For grating stimuli, we classified simple and complex cells via a Fourier analysis of the neuronal activity, calculating the F
1/F
0 ratio between the amplitude of the first harmonic of the response and the mean activity (Movshon et al. 1978; Dean and Tolhurst 1983; Ohzawa and Freeman 1986a, b; Skottun et al. 1991; but see Mechler and Ringach 2002). Neurons with highly modulated activity (relative modulation > 1) were classified as simple, others as complex. For the subsequent analysis of simple cells, the amplitude of the first harmonic was used; otherwise, the mean activity was used.
Because of no clear landmarks on the retina, we could not define the eye’s center of gaze. Following the assumption that differences of monocular receptive field locations in early visual areas converge to zero for aligned eyes (e.g. Bishop 1973), or converge to a certain value for unaligned eyes that represents the deviation of gaze in a given experiment, we defined the mean difference of monocular receptive field locations on both screens for each experiment (on average data from 14 neurons per experiment) as zero disparity and related the positions of the stimulus presentation to this defined zero disparity. We thus treat our disparity settings as relative disparity centered on zero as defined above. The spatial stability of the response through the right eye for which the monitor was never shifted served as a control for the lack of drifts of this eye during the recording of one neuron. In fact, we never observed such shifts throughout the experiment under the immobilization conditions we imposed. Only 2 h (minimum) after discontinuing the alloferin infusion and the recording did visible spontaneous movements of the eyes start.

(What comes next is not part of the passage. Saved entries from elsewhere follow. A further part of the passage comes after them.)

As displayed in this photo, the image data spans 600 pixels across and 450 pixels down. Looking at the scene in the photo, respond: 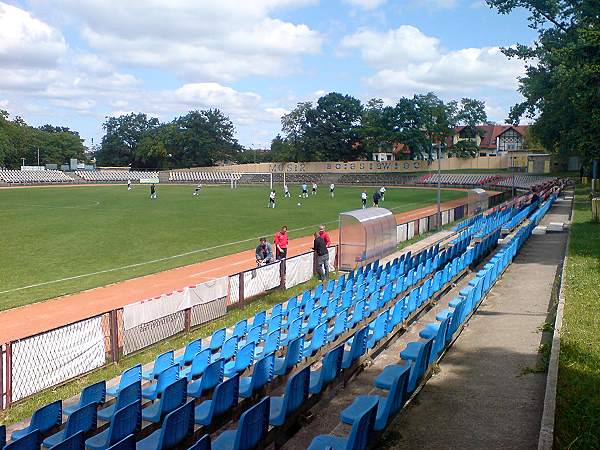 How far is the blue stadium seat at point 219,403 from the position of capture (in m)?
6.86

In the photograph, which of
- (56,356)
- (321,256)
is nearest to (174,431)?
(56,356)

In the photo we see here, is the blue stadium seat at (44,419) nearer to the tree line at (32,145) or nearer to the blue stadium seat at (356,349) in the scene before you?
the blue stadium seat at (356,349)

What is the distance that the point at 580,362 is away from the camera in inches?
348

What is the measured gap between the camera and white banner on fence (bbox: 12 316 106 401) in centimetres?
962

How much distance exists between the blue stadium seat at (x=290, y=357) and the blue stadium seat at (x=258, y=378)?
450mm

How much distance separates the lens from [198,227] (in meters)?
33.5

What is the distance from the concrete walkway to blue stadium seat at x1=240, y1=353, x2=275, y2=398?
2.89ft

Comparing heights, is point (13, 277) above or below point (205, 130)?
below

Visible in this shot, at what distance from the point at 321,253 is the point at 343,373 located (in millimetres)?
10212

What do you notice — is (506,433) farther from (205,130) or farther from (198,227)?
(205,130)

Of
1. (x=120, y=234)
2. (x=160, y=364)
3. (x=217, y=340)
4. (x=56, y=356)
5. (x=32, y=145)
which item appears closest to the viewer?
(x=160, y=364)

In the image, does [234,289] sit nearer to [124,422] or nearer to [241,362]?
[241,362]

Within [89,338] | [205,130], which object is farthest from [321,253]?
[205,130]

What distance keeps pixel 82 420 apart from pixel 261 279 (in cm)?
982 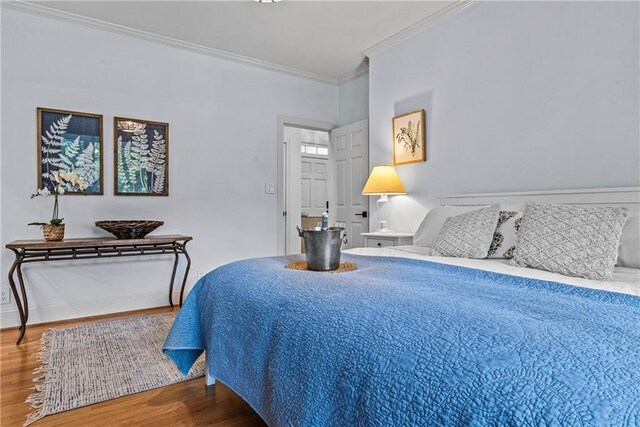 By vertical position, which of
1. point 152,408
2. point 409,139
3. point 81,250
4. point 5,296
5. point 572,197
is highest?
point 409,139

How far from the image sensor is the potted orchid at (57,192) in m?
2.92

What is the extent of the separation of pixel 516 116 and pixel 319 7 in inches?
69.8

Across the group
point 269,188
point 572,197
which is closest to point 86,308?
point 269,188

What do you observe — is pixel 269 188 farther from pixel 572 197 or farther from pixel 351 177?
pixel 572 197

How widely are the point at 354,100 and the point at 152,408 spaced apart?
152 inches

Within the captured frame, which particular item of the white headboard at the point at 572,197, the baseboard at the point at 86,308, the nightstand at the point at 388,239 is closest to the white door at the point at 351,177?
the nightstand at the point at 388,239

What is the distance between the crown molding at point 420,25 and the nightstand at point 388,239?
1853 millimetres

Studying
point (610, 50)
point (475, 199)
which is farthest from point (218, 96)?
point (610, 50)

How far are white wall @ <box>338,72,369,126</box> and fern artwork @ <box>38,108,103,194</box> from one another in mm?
2703

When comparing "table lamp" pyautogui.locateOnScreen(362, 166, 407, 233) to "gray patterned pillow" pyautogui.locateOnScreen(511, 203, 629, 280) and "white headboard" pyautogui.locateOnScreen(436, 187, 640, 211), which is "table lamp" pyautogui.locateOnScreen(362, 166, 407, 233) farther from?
"gray patterned pillow" pyautogui.locateOnScreen(511, 203, 629, 280)

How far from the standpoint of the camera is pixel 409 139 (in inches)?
138

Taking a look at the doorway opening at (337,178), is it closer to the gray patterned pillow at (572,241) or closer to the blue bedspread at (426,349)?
the gray patterned pillow at (572,241)

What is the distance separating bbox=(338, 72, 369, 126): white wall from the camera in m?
4.48

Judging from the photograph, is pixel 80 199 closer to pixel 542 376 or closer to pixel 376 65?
pixel 376 65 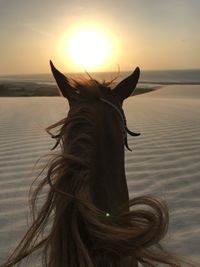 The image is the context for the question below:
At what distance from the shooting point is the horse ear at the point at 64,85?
5.98 ft

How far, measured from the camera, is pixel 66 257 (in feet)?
4.48

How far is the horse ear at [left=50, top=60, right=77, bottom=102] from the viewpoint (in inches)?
71.7

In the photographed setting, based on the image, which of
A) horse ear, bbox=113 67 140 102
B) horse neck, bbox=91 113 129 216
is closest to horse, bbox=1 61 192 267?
horse neck, bbox=91 113 129 216

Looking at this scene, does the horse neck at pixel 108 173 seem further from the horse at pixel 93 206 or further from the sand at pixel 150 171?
the sand at pixel 150 171

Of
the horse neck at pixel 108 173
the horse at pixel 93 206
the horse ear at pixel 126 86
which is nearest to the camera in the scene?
the horse at pixel 93 206

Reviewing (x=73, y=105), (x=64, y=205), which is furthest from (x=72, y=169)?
(x=73, y=105)

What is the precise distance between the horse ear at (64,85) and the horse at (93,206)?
7 cm

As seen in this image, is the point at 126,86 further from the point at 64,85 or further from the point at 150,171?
the point at 150,171

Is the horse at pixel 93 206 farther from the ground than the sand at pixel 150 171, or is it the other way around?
Result: the horse at pixel 93 206

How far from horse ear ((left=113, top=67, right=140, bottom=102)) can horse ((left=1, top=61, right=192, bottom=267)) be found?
0.76 ft

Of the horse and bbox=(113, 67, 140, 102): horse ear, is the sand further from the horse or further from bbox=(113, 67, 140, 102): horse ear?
the horse

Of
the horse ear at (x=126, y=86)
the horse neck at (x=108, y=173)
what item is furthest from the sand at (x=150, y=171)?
the horse neck at (x=108, y=173)

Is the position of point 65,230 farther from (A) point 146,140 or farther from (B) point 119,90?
(A) point 146,140

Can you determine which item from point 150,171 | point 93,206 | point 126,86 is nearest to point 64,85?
point 126,86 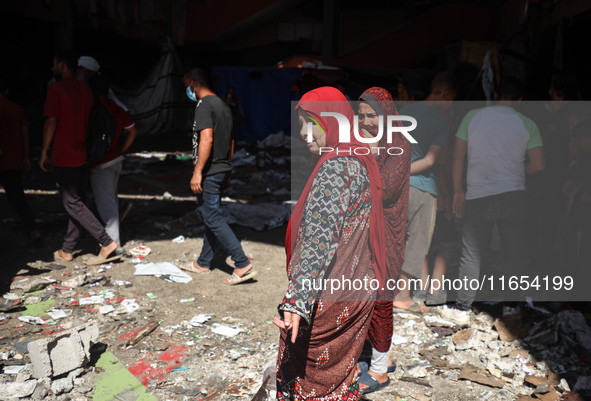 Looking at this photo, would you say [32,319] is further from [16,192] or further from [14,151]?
[14,151]

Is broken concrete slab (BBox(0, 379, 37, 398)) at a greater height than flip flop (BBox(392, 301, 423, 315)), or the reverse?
flip flop (BBox(392, 301, 423, 315))

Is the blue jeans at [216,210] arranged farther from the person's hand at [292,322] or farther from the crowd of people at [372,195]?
the person's hand at [292,322]

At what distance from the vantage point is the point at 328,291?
2.22m

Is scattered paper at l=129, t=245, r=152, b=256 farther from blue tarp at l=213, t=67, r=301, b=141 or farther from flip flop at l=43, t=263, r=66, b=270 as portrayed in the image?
blue tarp at l=213, t=67, r=301, b=141

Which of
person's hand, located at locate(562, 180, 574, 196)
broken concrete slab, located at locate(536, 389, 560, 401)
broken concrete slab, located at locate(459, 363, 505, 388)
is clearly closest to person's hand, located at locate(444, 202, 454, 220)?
person's hand, located at locate(562, 180, 574, 196)

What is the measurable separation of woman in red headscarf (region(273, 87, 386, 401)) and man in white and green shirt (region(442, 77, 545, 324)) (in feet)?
7.12

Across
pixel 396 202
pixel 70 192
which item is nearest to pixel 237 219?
pixel 70 192

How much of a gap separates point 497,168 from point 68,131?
4113 mm

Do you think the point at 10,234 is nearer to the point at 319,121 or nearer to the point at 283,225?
the point at 283,225

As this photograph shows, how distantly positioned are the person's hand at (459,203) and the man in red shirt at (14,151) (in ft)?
15.7

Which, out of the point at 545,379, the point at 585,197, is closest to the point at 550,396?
the point at 545,379

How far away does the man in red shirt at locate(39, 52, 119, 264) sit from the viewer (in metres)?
4.94

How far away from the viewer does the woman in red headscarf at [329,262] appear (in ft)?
6.92

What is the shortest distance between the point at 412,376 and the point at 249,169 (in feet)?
27.7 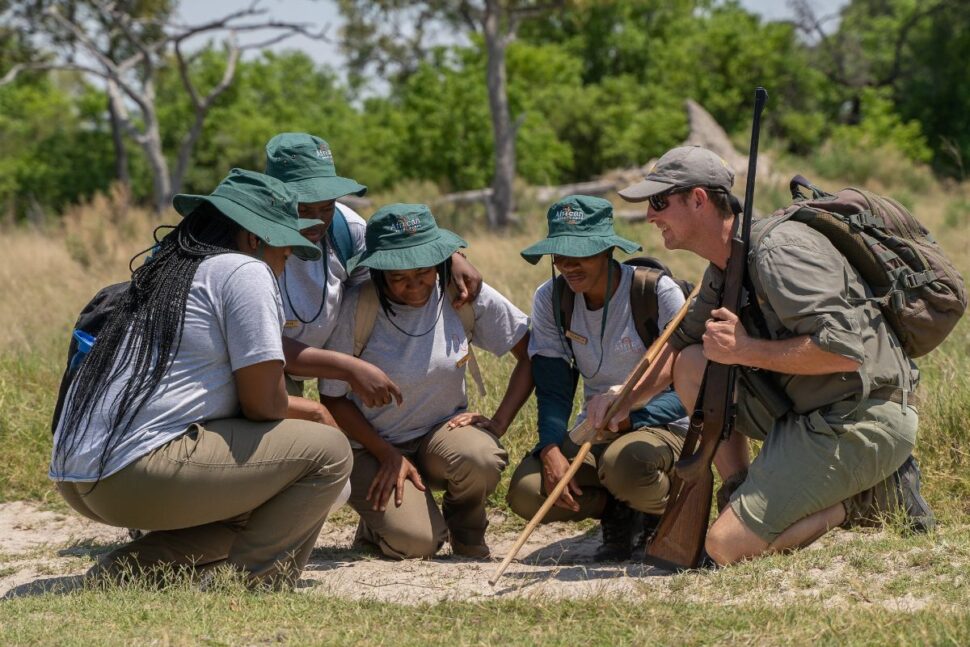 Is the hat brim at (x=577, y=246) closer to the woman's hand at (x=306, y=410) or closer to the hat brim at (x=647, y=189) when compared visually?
the hat brim at (x=647, y=189)

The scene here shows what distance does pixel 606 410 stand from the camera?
14.8 feet

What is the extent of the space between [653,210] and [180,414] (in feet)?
6.02

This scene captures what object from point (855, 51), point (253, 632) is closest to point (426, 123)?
point (855, 51)

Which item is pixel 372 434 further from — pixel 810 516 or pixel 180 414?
pixel 810 516

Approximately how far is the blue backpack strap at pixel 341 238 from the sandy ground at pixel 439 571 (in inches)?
49.7

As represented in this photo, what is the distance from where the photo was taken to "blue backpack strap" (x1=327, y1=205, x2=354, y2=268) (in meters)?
4.93

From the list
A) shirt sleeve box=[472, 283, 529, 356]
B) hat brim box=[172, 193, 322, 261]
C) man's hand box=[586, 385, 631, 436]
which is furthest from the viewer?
shirt sleeve box=[472, 283, 529, 356]

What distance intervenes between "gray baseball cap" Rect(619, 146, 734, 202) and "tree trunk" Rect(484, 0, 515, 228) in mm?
14222

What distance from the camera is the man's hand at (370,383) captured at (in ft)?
15.0

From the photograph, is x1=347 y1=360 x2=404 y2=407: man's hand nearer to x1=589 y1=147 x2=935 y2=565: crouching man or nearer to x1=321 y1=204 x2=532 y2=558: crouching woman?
x1=321 y1=204 x2=532 y2=558: crouching woman

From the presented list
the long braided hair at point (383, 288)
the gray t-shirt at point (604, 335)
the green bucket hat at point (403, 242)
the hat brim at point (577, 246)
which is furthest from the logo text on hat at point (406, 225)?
the gray t-shirt at point (604, 335)

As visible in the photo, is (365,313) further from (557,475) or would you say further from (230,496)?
(230,496)

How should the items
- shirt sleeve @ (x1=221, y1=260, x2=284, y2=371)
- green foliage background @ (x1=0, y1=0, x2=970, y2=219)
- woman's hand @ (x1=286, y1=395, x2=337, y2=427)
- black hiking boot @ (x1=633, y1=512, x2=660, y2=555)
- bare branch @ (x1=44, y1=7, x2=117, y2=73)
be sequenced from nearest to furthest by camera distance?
shirt sleeve @ (x1=221, y1=260, x2=284, y2=371), woman's hand @ (x1=286, y1=395, x2=337, y2=427), black hiking boot @ (x1=633, y1=512, x2=660, y2=555), bare branch @ (x1=44, y1=7, x2=117, y2=73), green foliage background @ (x1=0, y1=0, x2=970, y2=219)

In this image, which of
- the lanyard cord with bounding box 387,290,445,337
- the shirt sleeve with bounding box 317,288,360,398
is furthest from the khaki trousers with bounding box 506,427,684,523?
the shirt sleeve with bounding box 317,288,360,398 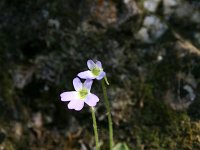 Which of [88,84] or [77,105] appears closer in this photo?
[77,105]

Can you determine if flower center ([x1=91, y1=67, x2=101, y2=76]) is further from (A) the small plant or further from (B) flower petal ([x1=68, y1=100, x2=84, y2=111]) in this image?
(B) flower petal ([x1=68, y1=100, x2=84, y2=111])

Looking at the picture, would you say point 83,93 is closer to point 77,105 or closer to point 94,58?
point 77,105

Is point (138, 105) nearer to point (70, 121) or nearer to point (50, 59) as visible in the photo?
point (70, 121)

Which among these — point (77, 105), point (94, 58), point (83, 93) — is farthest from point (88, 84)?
point (94, 58)

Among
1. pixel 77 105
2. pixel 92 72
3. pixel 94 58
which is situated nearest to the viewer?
pixel 77 105

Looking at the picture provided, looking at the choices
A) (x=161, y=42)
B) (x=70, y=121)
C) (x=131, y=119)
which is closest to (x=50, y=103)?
(x=70, y=121)

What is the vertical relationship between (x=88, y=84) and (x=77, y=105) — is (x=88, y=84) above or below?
above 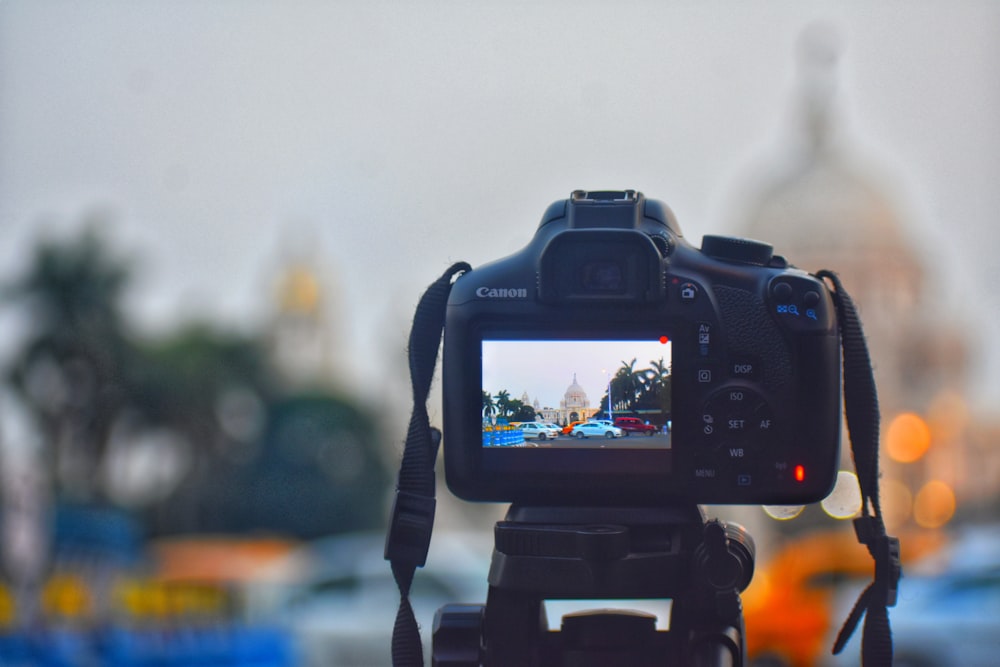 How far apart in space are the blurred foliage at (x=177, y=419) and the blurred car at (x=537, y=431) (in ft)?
77.8

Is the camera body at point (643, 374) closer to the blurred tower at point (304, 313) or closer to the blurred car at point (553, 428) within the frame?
the blurred car at point (553, 428)

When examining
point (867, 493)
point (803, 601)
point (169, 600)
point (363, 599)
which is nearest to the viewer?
point (867, 493)

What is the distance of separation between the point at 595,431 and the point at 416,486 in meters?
0.24

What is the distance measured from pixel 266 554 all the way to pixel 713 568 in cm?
1854

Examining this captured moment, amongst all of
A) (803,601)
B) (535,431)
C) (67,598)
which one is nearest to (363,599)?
(67,598)

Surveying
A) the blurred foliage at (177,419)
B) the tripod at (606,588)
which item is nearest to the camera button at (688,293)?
the tripod at (606,588)

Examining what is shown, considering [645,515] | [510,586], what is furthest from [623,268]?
[510,586]

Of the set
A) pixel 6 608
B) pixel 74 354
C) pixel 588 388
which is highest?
pixel 74 354

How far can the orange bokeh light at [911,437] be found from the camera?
36.1 meters

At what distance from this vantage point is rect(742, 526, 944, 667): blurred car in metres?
6.54

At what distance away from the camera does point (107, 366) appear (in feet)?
88.7

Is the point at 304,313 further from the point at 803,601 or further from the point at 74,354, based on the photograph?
the point at 803,601

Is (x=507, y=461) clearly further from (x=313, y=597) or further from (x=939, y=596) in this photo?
(x=313, y=597)

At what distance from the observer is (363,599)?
7793mm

To analyze a neuron’s sensitivity for horizontal relative disparity, we screened our data for runs with at least one dataset of a certain horizontal disparity in which at least one measured value exceeded the range of the 2.5-fold standard deviation of that group. These particular runs were excluded from further analysis because of possible unstable recording. We applied a nonparametric one-way ANOVA (Kruskal–Wallis, P < 0.05) to screen for significant differences of mean neuronal activities at different horizontal disparities. Furthermore, multiple comparison was used to find statistically different activations in maxima or minima of relative disparity tuning curves, respectively. The difference between two disparities leading to statistically different activations was defined as the minimal difference affecting activity (MDAA). This approach leads to a statistical determination of tuning width. For better comparison with other studies, we additionally fitted disparity tuning curves with a Gaussian.
Histology
After completion of the electrophysiological experiments, the animals were euthanized with an overdose of pentobarbital and perfused transcardially with 0.9% saline and 4% paraformaldehyde–lysine-periodate. After appropriate cryoprotection, frozen frontal sections were cut at 40 or 50 μm, respectively, and stained for Nissl, myeloarchitecture (Gallyas 1979, as modified by Hess and Merker 1983), and cytochrome C histochemistry (Wong-Riley 1979). Recording sites were reconstructed based on microlesions, the penetration scheme and the depth reading on the electrode microdrive.